I know, now, that the dance and the language and the food come as a result of horrendous oppression, yet I still cannot help but live that culture daily. As Richard Rodriguez once wrote, “I am the same distance from the conquistador as I am from the Indian.”

Of course, I read that quote and also realize that I am one of the millions who have and are still embodying this duality, this internal war. I am certainly not the first. Rodriguez finishes that line with the reminder that “righteousness should not come easily…” to any of us.

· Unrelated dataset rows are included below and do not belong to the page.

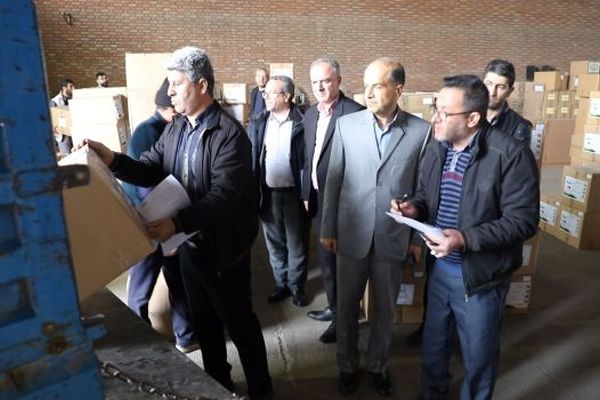 نسیم مهربانی در مدارس استان آذربایجان شرقی وزید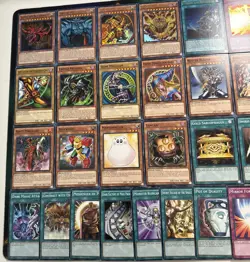 Yugioh! 44-Card Yugi's Legendary Decks 2 LDK2 Egyptian God + Exodia Set Sealed - Image 2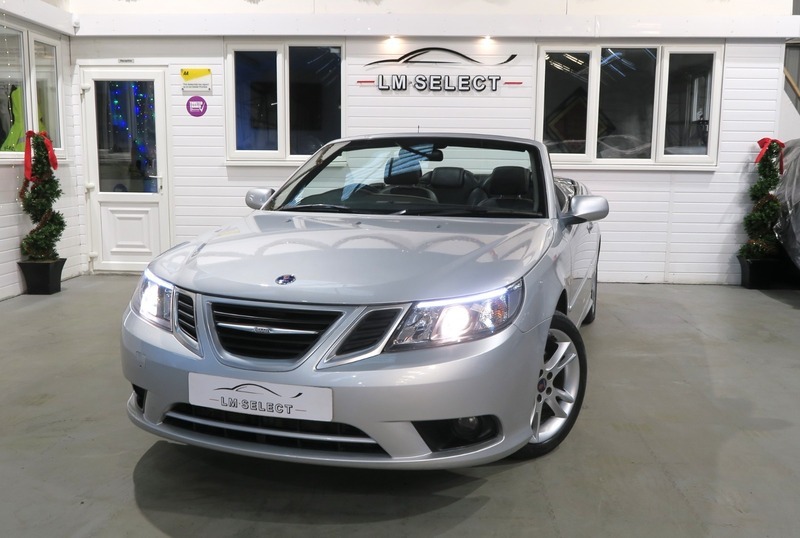 Saab 9-3 Linear Se Ttid 160 Silver #3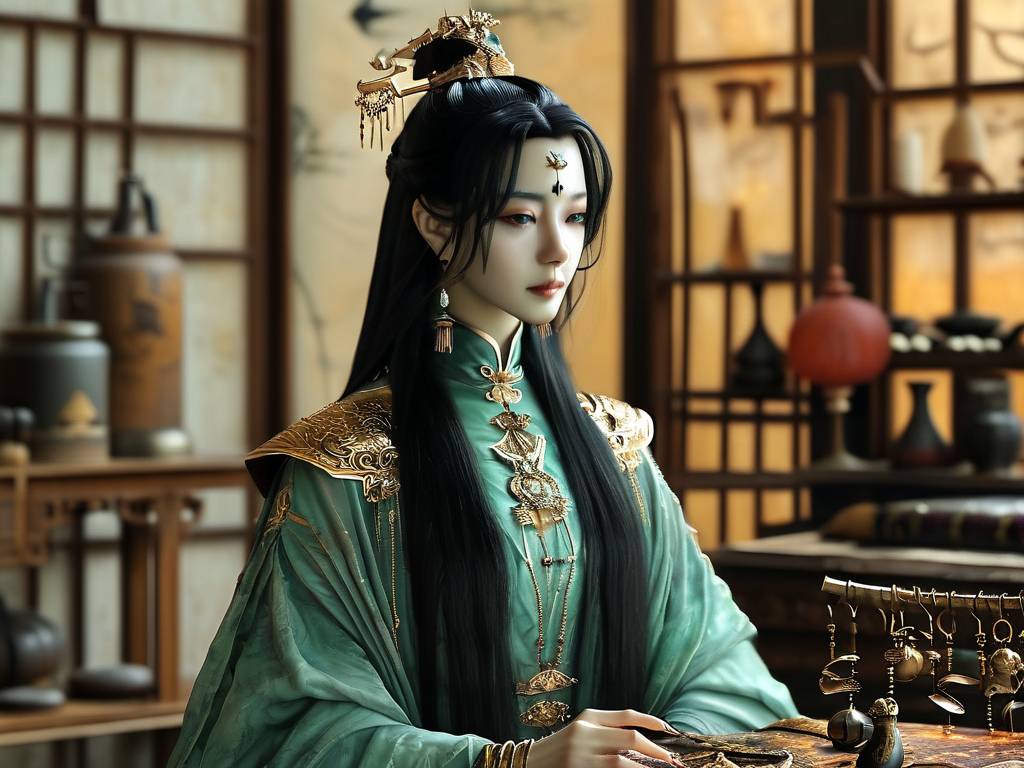 穿越成一流算命大师 n逍遥笑红尘n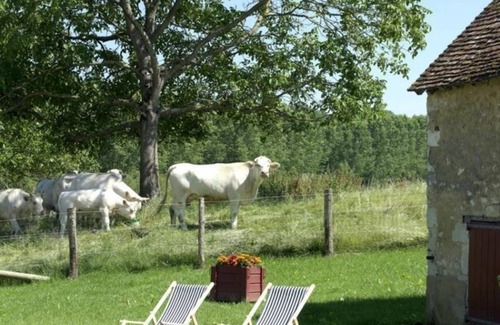 Pervencheres Cottage | 100 m² Cabin ∙ 3 bedrooms ∙ 6 guests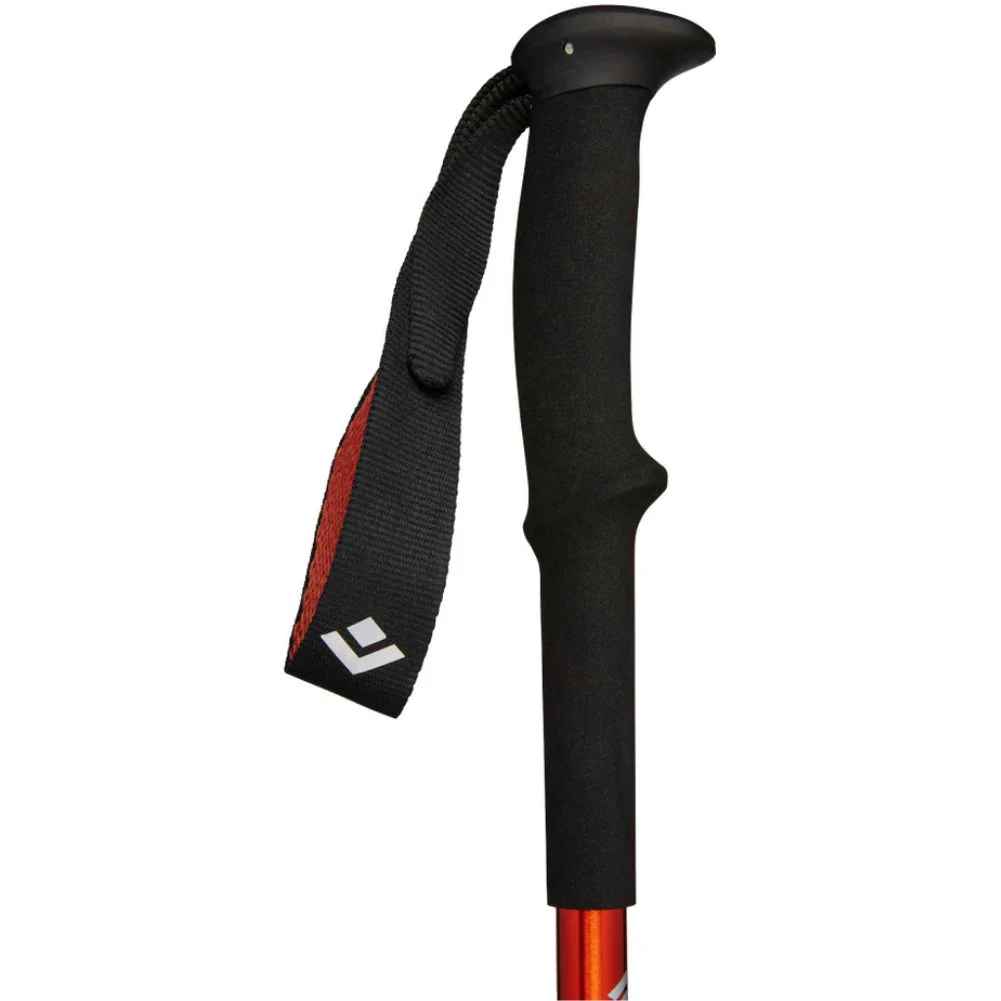 Black Diamond Trail Back Trekking Poles (Burnt Sienna) - Image 3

I don’t claim to be a pillar of righteousness, but attempting to figure out where I am placed in the tangled web of this timeline is new to me. It is strange to honor a history, all the while knowing its existence comes on the backs of an oppressed people. It is also difficult to properly place my anger on something that feels so much a part of who I am. It feels impossible to be Mexicana and Filipina and not be Spanish as well.


This is frustrating, but I am ultimately grateful. The internal war I fight now only fuels my fire.

This is the danger of erasure. It is criminal that, as a child, Columbus was the closest I came to Spanish role models at school. We must teach the truth about those periods in history so that we do not venerate those who are unworthy of such a place in it.

We also shouldn’t allow students to live in a world where the only history we present is one that paints them as a “conquered” people. I don’t want my Latino or Filipino students to see their cultural history only pockmarked with death and oppression. None of our students should only be shown the single story where their people “lose.”

I had, more recently, looked at the history of both cultures as “tragic.” With a furrowed brow, I condemned the act of the conquistadores on the “poor natives,” wondering what we would have seen had they not been allowed to plunder as they did.

I still feel that way at times, but now I am also filled with an intense pride. Mexicanos and Filipinos cannot be defined by our oppression: we are the result of adaptation and survival. We were conquered and endured and created something beautiful in the process. We took horror and tragedy and turned it into song, dance, food and, somehow, joy.

That is something to celebrate. That is the history that flows in my veins and fuels me each morning as I work. This day, I condemn the acts of the conqueror and refuse to center on them. Instead, I will work to re-center and celebrate the stories of the people who rose from those flames and danced.